* GIVEN INFORMATION:
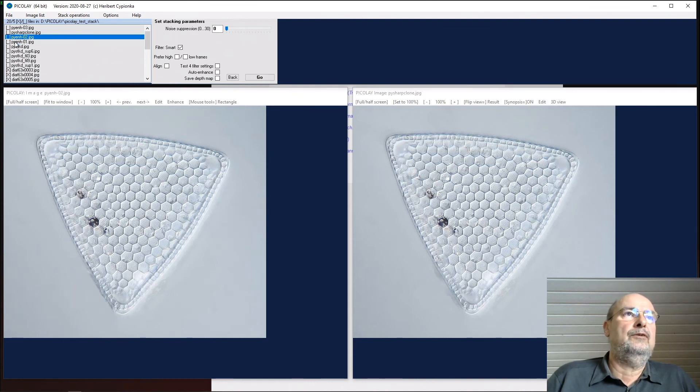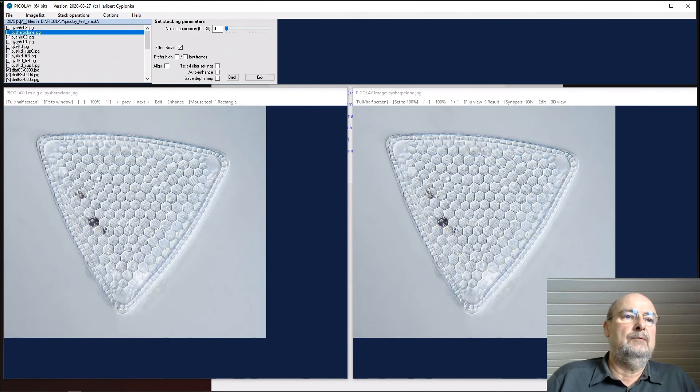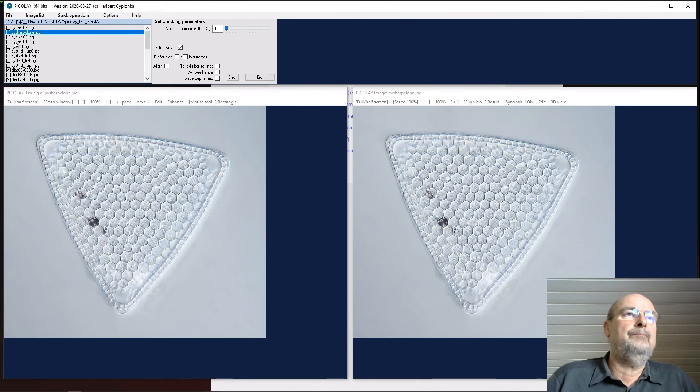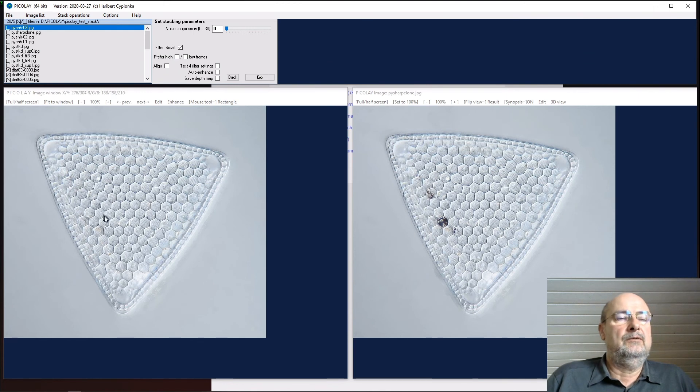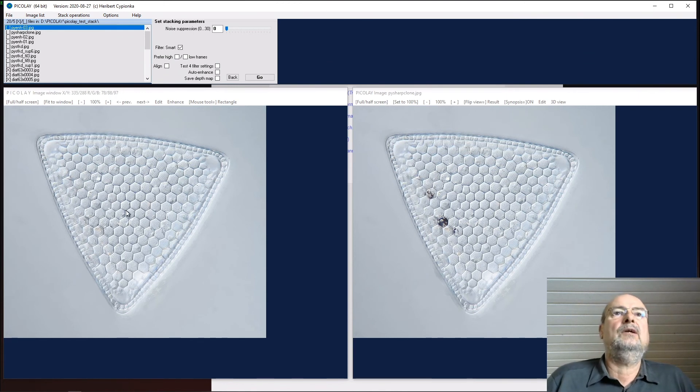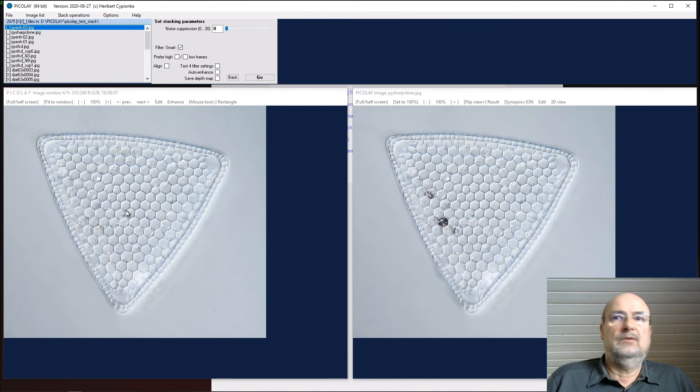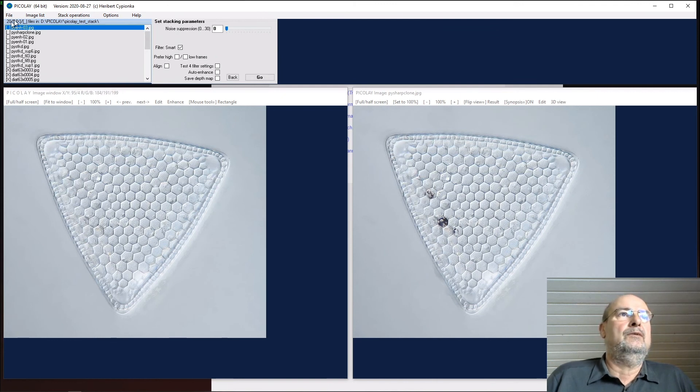We had this first trial to remove it, then we did it with the cloning from the originals. Then we cleaned here, here, the edge, and removed these artifacts. Now we have a nice stacked image that we can save and rename it.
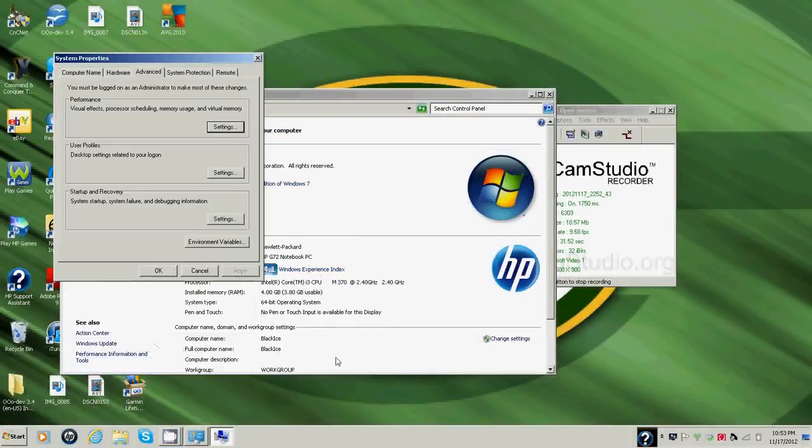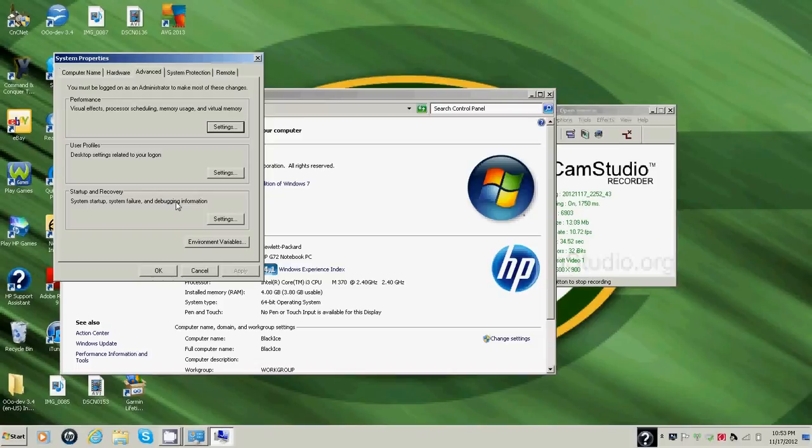Now as you can see the screen looks different, kind of like an older one like XP or Vista. It's less color, you know, it's just different. So that's what it looks like.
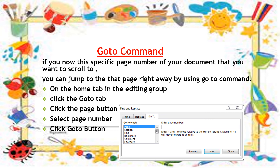Click on the Home tab in the Editing group. Click the Go To tab. Click the Page button. Click and select the page number you want to navigate to.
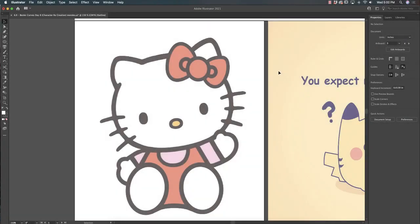So for Hello Kitty, what I would recommend starting with is drawing out all the things that look circular with your shape tool, the ellipse tool, just because there's quite a bit of circles on her face.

* WORK INSTRUCTION:
A word-for-word copy of the lines from the start of the listing through the line containing "Now as you can" is the answer. Pictures stay out of it.

* WRITTEN REPLY:
We had this first trial to remove it, then we did it with the cloning from the originals. Then we cleaned here, here, the edge, and removed these artifacts. Now we have a nice stacked image that we can save and rename it.
Now as you can see the screen looks different, kind of like an older one like XP or Vista. It's less color, you know, it's just different. So that's what it looks like.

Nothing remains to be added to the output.